# SOURCE DATA
--- START ---

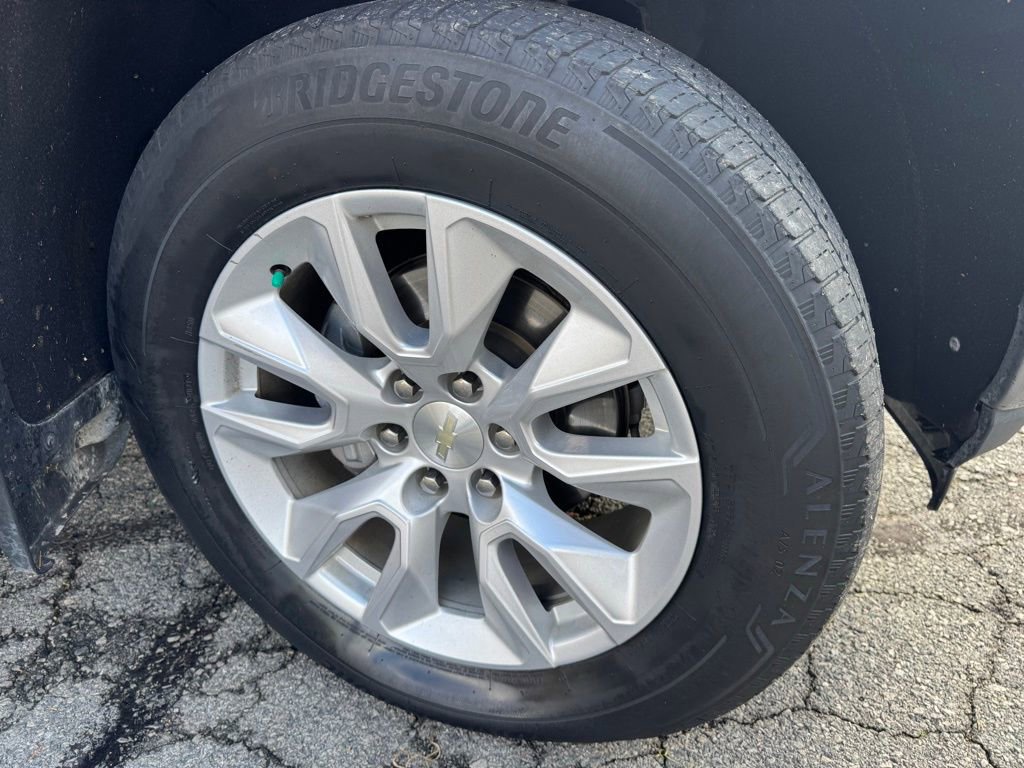 Used 2022 Chevrolet Silverado 1500 Custom w/ Safety Confidence Package image 39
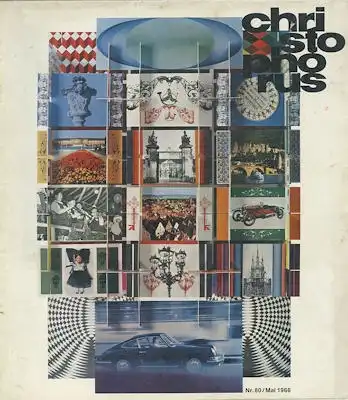 Porsche Christophorus 1966 Nr. 80
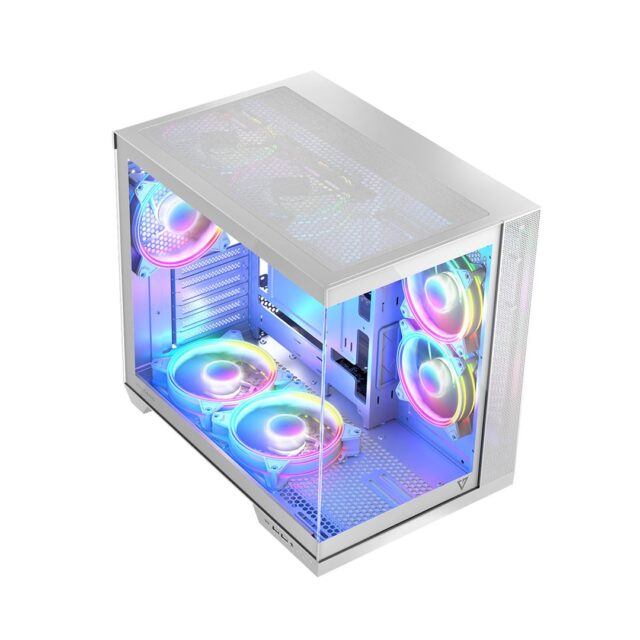 MODECOM Volcano Panorama APEX ARGB 7F MIDI - imagine 16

--- END ---

# WHAT IS EXPECTED
Your copy should run from the line that has "Porsche Christophorus 1966 Nr. 80" through the last line above, exactly, with both ends in and pictures out.

# YOUR SOLUTION
 Porsche Christophorus 1966 Nr. 80
 MODECOM Volcano Panorama APEX ARGB 7F MIDI - imagine 16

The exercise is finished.